A Brentwood physician charged Friday with stopping his car suddenly in front of two cyclists was investigated earlier this year in another case of road rage against bicycles, the Los Angeles Police Department said.
Christopher Thomas Thompson, 59, was charged with two felony counts each of reckless driving causing injury and battery with serious bodily injury in connection with a July 4 crash.
The LAPD said that Thompson was involved in a similar crash March 11.
Prosecutors allege that on July 4, Thompson slammed on the brakes of his red Infiniti sedan in front of two cyclists riding downhill on Mandeville Canyon Road. Authorities said the impact flung one cyclist through the car’s rear window and the other to the pavement.
The July 4 crash has generated much debate in Los Angeles biking circles.
LAPD Capt.
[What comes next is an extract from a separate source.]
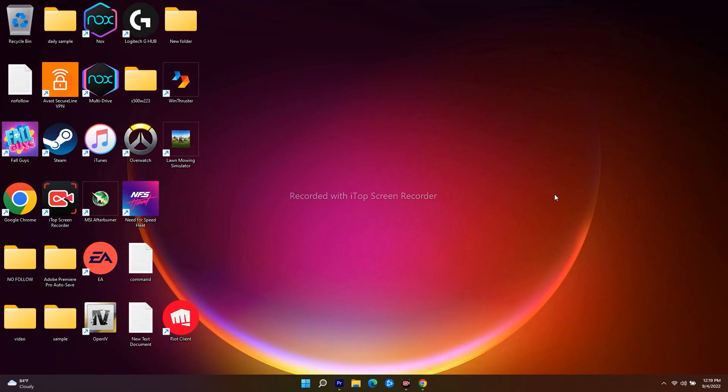Hello guys, welcome back to Good Travel Tips. In this video I'm going to talk about how to fix low volume on your Windows 11 and how you can fix this up. So let's dive into it. The first thing you have to do is just follow these simple instructions and most probably you will be able to fix the issue.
William Eaton described the March collision as a “road rage incident with two cyclists” that had “strong similarities” to the July crash.
In March, two cyclists riding on Mandeville Canyon Road accused Thompson of running them off the road and then shouting at them. Detectives presented the case to the Los Angeles city attorney’s office, which declined to file charges against Thompson.
Thompson, through his attorney, has denied wrongdoing.
Peter Swarth, Thompson’s attorney, said in a statement about the July crash today: “We regret that charges were filed today against Dr. Thompson. The incident was an unfortunate accident and was absolutely not a case of ‘road rage,’ as some have suggested. Dr. Thompson continues to wish for the injured cyclists speedy recovery.”
Swarth did not comment on the March incident.
Patrick Watson, one of the cyclists in the March crash, said in an interview that he and another rider had narrowly avoided hitting the rear of Thompson’s car after the physician suddenly braked.
Watson sent an e-mail the day after the incident to fellow cyclists describing what he claims happened: He “ran me off the road and as I jumped back onto the pavement he slammed on his brakes right in front of [us].”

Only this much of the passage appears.